Wozu gibt es noch Medien wie den „Focus“, fragt sich unser Kolumnist. Derweil feiert das Magazin sein 30-jähriges Bestehen.

In Feierlaune: Focus-Gründer Helmut Markwort im heimischen Arbeitszimmer Foto: Hans-Rudolf Schulz/imago

K inder, wie die Zeit vergeht. Da gehste mal eben um den Block, und wenn du wiederkommst, ist der Focus auch schon 30! Das ist ja zunächst mal die gute Nachricht: Deutschlands Zweitnachrichtenmagazin gibt’s immer noch. Auch wenn es keiner braucht.

Außerdem ist sich der Focus mit seiner Positionierung im kleingeistigkonservativ-versifften Milieu treu geblieben. Wie damals, als die taz bei der 10-Jahr-Sause ausgeladen wurde. Das Chefredaktionsbüro in der Münchner Arabellastraße ließ ausrichten, Helmut Markwort lege großen Wert darauf, dass die taz nicht eingeladen sei. Seine Redaktion in München ist der Focus seitdem größtenteils losgeworden, seinen Übervater aber nicht. Damals war er Chefredakteur, heute tobt sich Markwort als Kolumnist hinten im Blatt aus.

Im Jubiläumsheft ereifert er sich über die 240 Ocken Aufwandsentschädigung, die bei der Berliner Wahlwiederholung für ehrenamtliche Wahlvorstände ausgelobt worden sind. Das sei Verschwendung, motzt Markwort. Für sein eigenes Ehrenamt als Mitglied im Rundfunkrat des BR tut sich der vermutlich nicht am Hungertuch nagende heutige FDP-Landtagsabgeordnete übrigens 700 Euro rein. Und zwar jeden Monat, plus Sitzungsgelder. Aber das nur am Rande.

Da ist es denn auch mit den „Fakten, Fakten, Fakten“ nicht unbedingt weit her, mit denen Markwort früher immer an die Le­se­r*in­nen dachte. „Der Focus wurde auf Anhieb und in atemberaubend kurzer Zeit ein grandioser publizistischer und unternehmerischer Erfolg“, beweihräuchert sich das Blatt im Geburtstagsartikel selbst. „Mit seinem ‚modernen Nachrichtenmagazin‘ löste Burda nicht weniger als eine Revolution aus“, schließlich war der Focus „einst Wunderkind der deutschen Presse“.

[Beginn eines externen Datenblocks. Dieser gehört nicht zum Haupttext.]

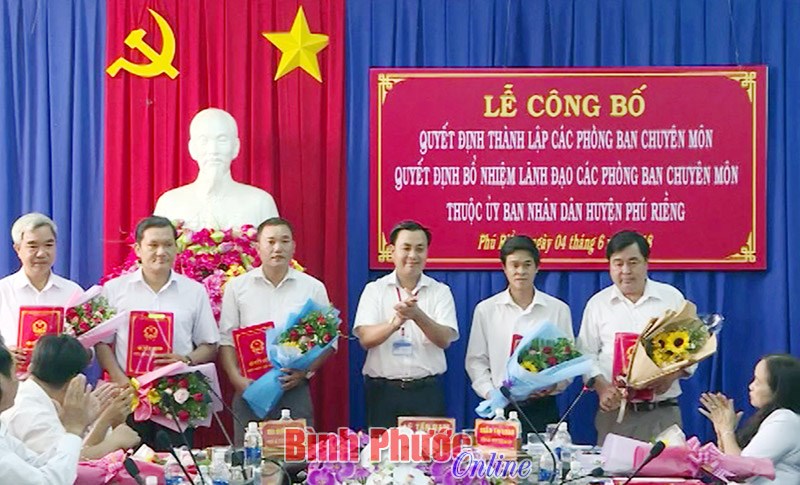 Ph&uacute; Riềng cơ bản ho&agrave;n th&agrave;nh sắp xếp, s&aacute;p nhập c&aacute;c cơ quan, đơn vị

„Von Geburtstagskind zu Geburtstagskind“

Sind die Geburtstagsgeschenke so spärlich ausgefallen, dass Selbstüberhöhung nötig ist? Da hilft auch nicht, dass sich im Jubelheft-Editorial Chefredakteur Robert Schneider massiv an die Grünen ranwanzt. Die wurden 1980 gegründet und fusionierten 1993 mit Bündnis 90. Weshalb ihnen Schneider jetzt ebenfalls einen 30. Geburtstag andichtet und jovial „von Geburtstagskind zu Geburtstagskind“ gratuliert.

Aber mei, so tendenziös wie opportunistisch waren s’ beim Focus halt schon immer. Deswegen darf vorne im Heft seit ein paar Jahren Jan Fleischhauer mit dem „Schwarzen Kanal“ ran. Dass sich das „moderne Nachrichtenmagazin“ heute mit abgehalfterten Ex-Spiegel-Kolumnisten schmücken muss, zeugt von einer Tragik, die alle General-Interest-Zeitschriften eint. Sie sind die Kaufhäuser des Journalismus. Und wie ihre Pendants im Einzelhandel nicht mehr so sicher, wozu es sie noch gibt. „Na, für den Zeitungstanz bei der Geburtstagsfete“, freut sich die Mitbewohnerin.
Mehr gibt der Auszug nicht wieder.